AWS CLI JSON Filtering Part 2: An Advanced Example

Published: 2023-02-13

In the previous post, I introduced how you can query, filter and re-structure JSON using both the JSON/JMES parsing function built-in to the CLI or the JQ tool. The examples in the first post may be enough for you to get more out of your CLI responses, but we can do much much more.

In this post I look at how to put it all together to tackle an interesting real-world example, perhaps saving you many lines of code. These tools effectively offer a mini-programming-language, and when combined with a powerful shell like bash, amazing things can be achieved without resorting to writing small scripts in your favourite language.

If you want to see how you can use JMES/JQ to transform database output and then feed in to another AWS service, then read on!

JSON Pipeline

Your own JSON ETL pipeline

Let's revisit the fact that you can query S3 log files using queries stored in AWS Athena (see this post).
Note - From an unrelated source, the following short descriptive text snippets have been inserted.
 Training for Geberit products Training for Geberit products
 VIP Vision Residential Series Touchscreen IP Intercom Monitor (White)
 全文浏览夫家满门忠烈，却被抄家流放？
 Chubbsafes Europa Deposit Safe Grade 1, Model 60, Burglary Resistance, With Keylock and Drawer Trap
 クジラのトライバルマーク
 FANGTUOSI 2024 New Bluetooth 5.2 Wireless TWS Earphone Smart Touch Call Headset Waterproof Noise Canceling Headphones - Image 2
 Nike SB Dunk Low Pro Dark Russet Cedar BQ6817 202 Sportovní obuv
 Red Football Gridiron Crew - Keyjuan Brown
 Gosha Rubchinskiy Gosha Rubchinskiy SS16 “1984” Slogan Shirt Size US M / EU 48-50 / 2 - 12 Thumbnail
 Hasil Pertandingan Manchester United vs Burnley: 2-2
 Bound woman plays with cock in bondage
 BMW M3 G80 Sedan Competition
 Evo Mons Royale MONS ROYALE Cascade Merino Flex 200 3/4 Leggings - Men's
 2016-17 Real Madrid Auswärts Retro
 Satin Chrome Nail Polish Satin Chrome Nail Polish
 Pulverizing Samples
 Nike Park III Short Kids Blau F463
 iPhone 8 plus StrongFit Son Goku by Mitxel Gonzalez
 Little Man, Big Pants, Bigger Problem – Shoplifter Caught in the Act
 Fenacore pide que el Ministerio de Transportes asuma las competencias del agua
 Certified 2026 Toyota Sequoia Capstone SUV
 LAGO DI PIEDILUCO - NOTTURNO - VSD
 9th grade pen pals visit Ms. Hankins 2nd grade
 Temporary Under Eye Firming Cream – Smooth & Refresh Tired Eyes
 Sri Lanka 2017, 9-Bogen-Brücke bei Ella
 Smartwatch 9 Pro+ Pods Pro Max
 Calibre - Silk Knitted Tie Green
Let's say that you have built a DynamoDB table to track your page visits, and you want to populate it with the historical data that you already have in the S3 logs. Your first thought might be to download all the S3 data and write a small parsing program to push the data into Dynamo. Well, what if you can query Athena and then construct DynamoDB data without writing any code. Just using text manipulation.

I'll use this as an example to show a practical way to generate data from Athena that you can then use to populate DynamoDB. I could use another database or tool which outputs JSON, but I chose Athena because:

Warning: The post ahead contains some features provided by bash, such as piping and the tr and xargs commands. Don't be scared...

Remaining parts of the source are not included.